How do you handle this problem? Keep both the full schema and migration scripts (both for schema & data) in source control? Some kind of hybrid approach with full schema and rename files?

All Replies

Posted by Peter Judge on 24-Jan-2020 22:00

How do you handle this problem? Keep both the full schema and migration scripts (both for schema & data) in source control? Some kind of hybrid approach with full schema and rename files?

 
I think you manage the schema versions as a unit - so there's at least one delta.df and possibly an update_after_delta_data.p. If you need to remove fields, you'll need a before_delta.df , an update_after_before.p, an after_delta.df and an update_after_after.p.
 
All of which should be explicitly versioned.

We followed this kind of approach in Dynamics back in the day.  If you care to look at the approach we followed then, there's a set of files that define the updates, what should happen and when. For example github.com/.../icfdb102001patch.xml defines stuff after an "ADOLoad" but you can see there are PreDelta, Delta and PostDelta stages and they have some metadata too. There may be some doc on the DCU (Dynamics Configuration Utility) in the doc archives somewhere.
 
So if you have a drop field, you'd add an update that would possibly add a new field ("Delta" stage) and move the field data from old to new ("PostDelta" stage). Then you'd create a Delta stage to drop the old field.
 
There was code to deal with things like is this update re-runnable, does it only apply to new databases, etc.
 
Take a look in github.com/.../dfd  for the whole (or most of) ball of wax.
 
 
 

Posted by Riverside Software on 25-Jan-2020 08:57

As Peter said, incremental DF are more than just an implementation detail. They have to be applied in a specific order, and additional steps may have to be executed in between. All those steps have to stored in the code repository, so that they can be applied again and again in any environment.

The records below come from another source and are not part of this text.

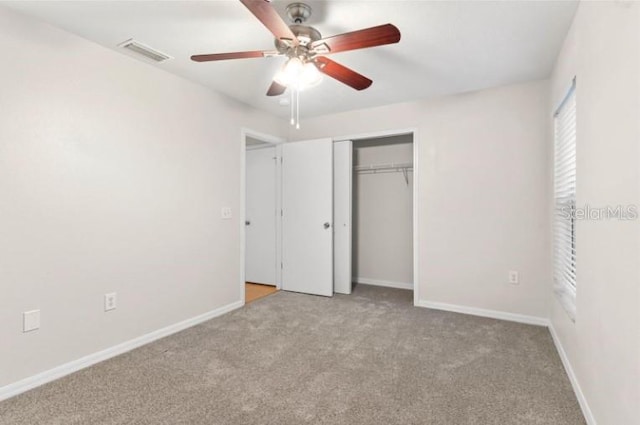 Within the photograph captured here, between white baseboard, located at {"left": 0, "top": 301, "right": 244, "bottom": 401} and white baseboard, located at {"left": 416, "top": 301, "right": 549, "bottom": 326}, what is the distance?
2.37 metres

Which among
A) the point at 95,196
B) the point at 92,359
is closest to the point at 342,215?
the point at 95,196

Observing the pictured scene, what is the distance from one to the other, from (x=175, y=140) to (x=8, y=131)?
1.17 m

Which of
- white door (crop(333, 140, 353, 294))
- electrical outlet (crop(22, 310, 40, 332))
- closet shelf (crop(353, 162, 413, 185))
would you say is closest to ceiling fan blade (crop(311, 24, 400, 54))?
white door (crop(333, 140, 353, 294))

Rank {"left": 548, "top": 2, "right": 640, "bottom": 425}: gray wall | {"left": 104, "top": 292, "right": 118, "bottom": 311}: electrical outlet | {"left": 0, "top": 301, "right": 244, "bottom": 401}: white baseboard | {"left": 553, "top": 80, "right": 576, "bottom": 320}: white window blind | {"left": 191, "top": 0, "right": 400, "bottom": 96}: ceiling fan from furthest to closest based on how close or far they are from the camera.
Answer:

A few years ago, I started working on DB update mechanism with Groovy. I've done a presentation on Groovy at the EU PUG Challenge ( www.pugchallenge.eu/.../groove-is-in-the-ant---querret.pdf ), saying that this language is really good for this kind of task. Next step is to do the presentation for the full DB update mechanism !

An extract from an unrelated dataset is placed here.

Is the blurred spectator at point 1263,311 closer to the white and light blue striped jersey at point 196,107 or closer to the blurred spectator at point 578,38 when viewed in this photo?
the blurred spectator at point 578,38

Posted by hutcj on 28-Jan-2020 16:46

Would you version control the migration files (inc df, data migration procedures) to the exclusion of full df's, or would it be a good idea to include everything in the repository (even though that may be redundant)?

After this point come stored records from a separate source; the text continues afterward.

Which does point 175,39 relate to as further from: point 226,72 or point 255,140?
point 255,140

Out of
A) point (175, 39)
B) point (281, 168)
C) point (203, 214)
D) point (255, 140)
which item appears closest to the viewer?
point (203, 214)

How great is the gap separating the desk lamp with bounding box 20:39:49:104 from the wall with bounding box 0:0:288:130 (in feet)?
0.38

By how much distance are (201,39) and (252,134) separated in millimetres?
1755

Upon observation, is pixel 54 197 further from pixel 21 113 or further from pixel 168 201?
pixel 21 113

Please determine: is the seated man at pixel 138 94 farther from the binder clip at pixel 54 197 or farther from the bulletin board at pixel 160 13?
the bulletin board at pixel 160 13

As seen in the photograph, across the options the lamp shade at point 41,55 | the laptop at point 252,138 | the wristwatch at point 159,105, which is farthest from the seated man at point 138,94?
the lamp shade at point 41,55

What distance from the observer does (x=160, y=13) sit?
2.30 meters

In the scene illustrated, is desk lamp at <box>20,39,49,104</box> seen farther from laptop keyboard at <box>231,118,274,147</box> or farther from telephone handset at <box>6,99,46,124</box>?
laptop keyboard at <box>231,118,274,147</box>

Posted by Peter Judge on 28-Jan-2020 18:10

If delta 001 has 2x DF, 5x D and 2x P, that's a single update version or bundle is maybe a better way to look at it.
 
Each of the files within that bundle goes into source control as usual. I think the .D files you'd check in would be mainly master or control data, but it would depend on your application.
 
A new DB (with a full .df) is another kind of bundle.
 
In the Dynamics world, that was managed using a sequence, where the max-val was the current version. It was updated when an update bundle was applied.
 
 
-- peter
 

Posted by hutcj on 28-Jan-2020 18:43

I see - so even though you could produce the current full df by applying all the migration bundles in order from start to finish, it is still reasonable to actually store the full df in parallel in that same repo for its own purposes such as spinning up new test environments and running analytics?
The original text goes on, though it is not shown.